Instructions to follow: Below is a listing; restate from it, character for character, the lines beginning at the line holding "Mimi & Max 1/2ct" and ending at the line holding "Мягкая кожаная женская", both included.

*** Records provided ***

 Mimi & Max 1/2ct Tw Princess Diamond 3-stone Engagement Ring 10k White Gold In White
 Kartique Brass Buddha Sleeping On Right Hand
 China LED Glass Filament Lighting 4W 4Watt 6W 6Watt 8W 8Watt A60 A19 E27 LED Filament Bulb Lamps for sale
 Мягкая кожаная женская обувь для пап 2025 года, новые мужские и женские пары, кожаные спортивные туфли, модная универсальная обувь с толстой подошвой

*** End of Records provided ***
*** Records provided ***

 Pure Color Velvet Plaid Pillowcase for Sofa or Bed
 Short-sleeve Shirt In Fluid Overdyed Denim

*** End of Records provided ***
*** Records provided ***

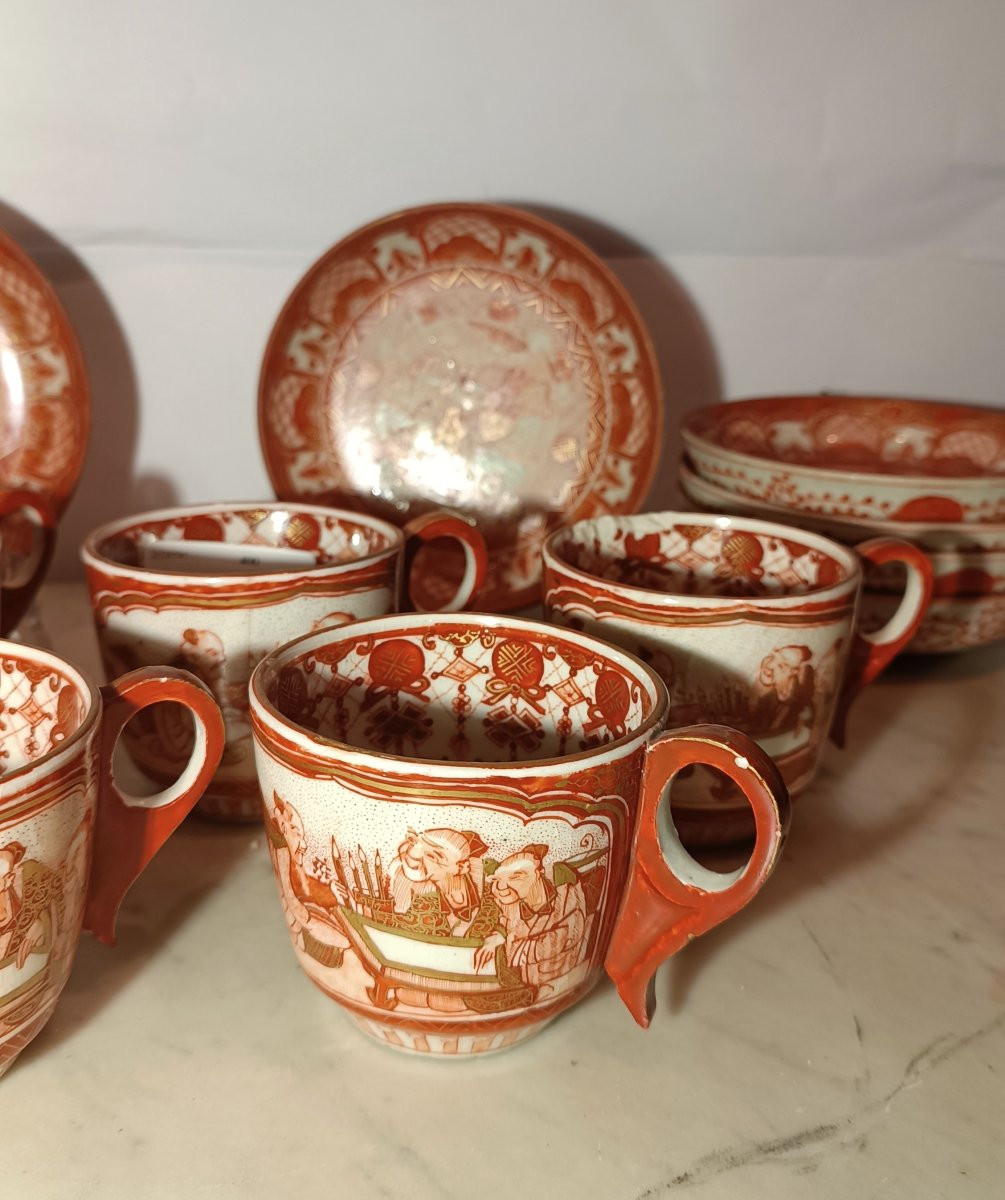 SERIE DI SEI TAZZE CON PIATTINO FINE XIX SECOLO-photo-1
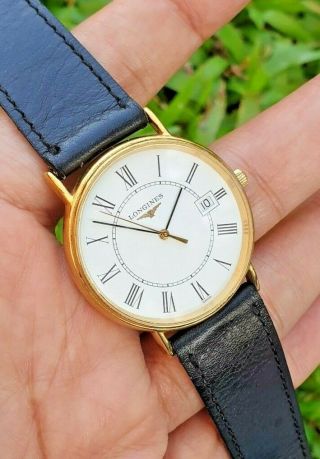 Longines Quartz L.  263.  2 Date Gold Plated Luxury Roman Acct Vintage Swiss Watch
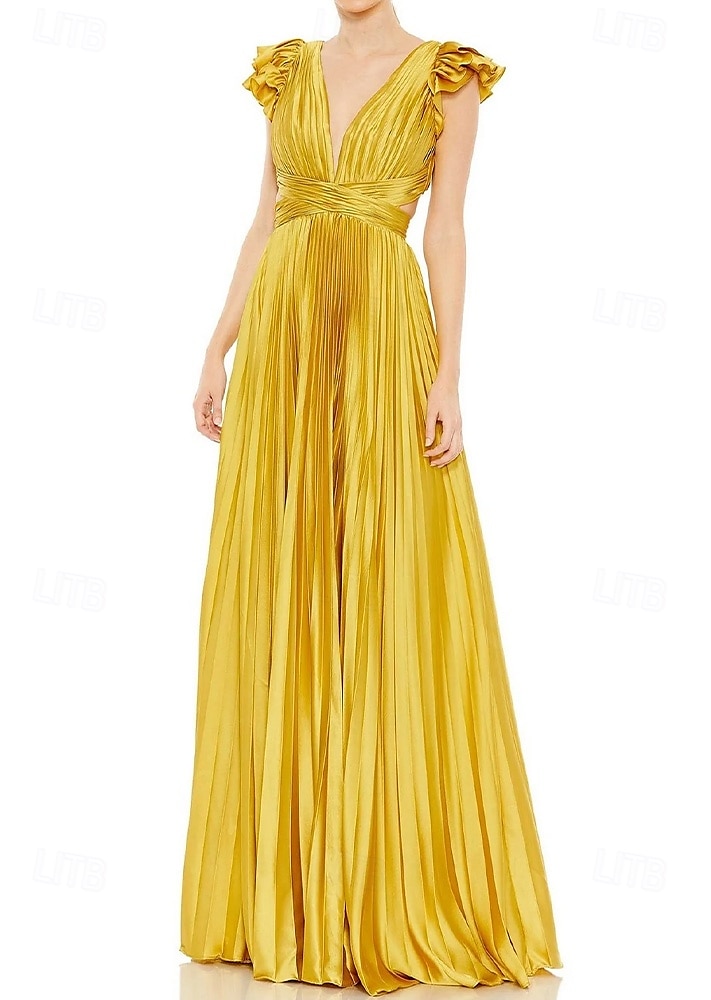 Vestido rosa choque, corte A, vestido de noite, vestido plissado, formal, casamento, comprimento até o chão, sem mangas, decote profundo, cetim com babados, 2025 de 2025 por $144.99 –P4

*** End of Records provided ***

Solution to the problem:
 Mimi & Max 1/2ct Tw Princess Diamond 3-stone Engagement Ring 10k White Gold In White
 Kartique Brass Buddha Sleeping On Right Hand
 China LED Glass Filament Lighting 4W 4Watt 6W 6Watt 8W 8Watt A60 A19 E27 LED Filament Bulb Lamps for sale
 Мягкая кожаная женская обувь для пап 2025 года, новые мужские и женские пары, кожаные спортивные туфли, модная универсальная обувь с толстой подошвой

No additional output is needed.